Murray Seminars Spring Term 2020

We’re pleased to announce the details of this term’s Murray Seminars on Medieval and Renaissance Art at Birkbeck.

Seminars take place at 5pm in the History of Art Department (43, Gordon Sq., London WC1H 0PD) in The Keynes Library (Room 114), unless stated otherwise.  Talks finish by 5.50pm to allow those with other commitments to leave, and are then followed by discussion and refreshments.  These talks are supported by the Murray Bequest in memory of the Department’s founder Peter Murray, and are open to all.

This term’s papers are as follows:

3rd February (previous date 27/01 has been changed):

James Hall, ‘Embattled Exclusivity: the Aesthetics and Politics of Michelangelo’s Attack on Flemish Painting’.
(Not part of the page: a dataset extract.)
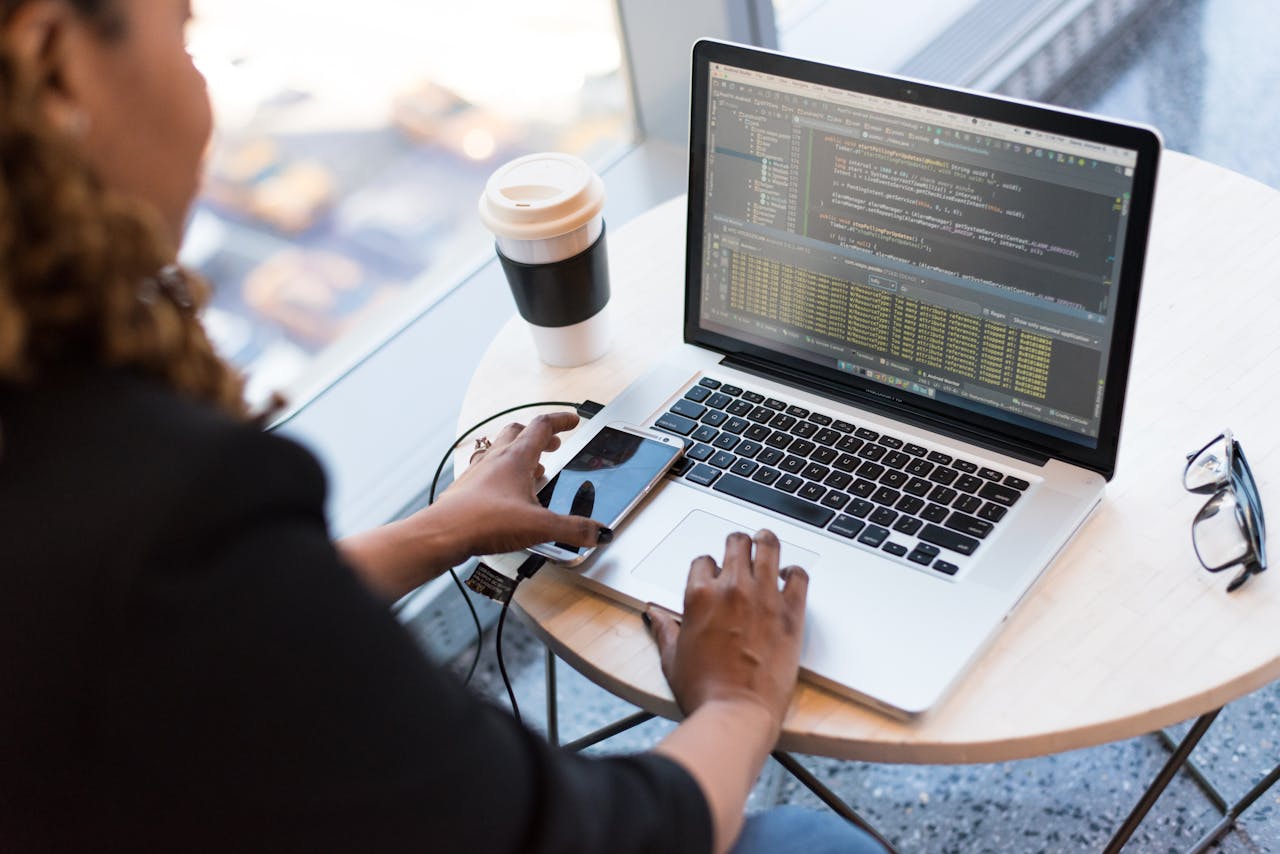 process-img Black woman programming on a laptop with coffee, smartphone, and glasses on a desk in an office.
In a dialogue composed by Francisco de Holanda, Michelangelo launches a diatribe against painting produced in Europe north of the Alps, attacking what he sees as its crowdedness and materialism; its lack of order and discrimination; its sentimentality and its popularity with the ignorant and especially with women. This talk explores Michelangelo’s disparagement of Flemish painting within its rich cultural and political context. His antipathy draws on a historic association between those who lived north of the Alps with the Goths and Vandals who destroyed ancient Rome. Their modern mercenary descendants were still invading Italy, and their artforms – musical as well as visual – had done so too. However, Michelangelo’s main concern was less with Flemish art, than with the fact that it was so influential on Italian artists, including Michelangelo himself. To make matters worse, he was working in the Sistine Chapel, filled with supreme products of Flemish culture, and things were not going well.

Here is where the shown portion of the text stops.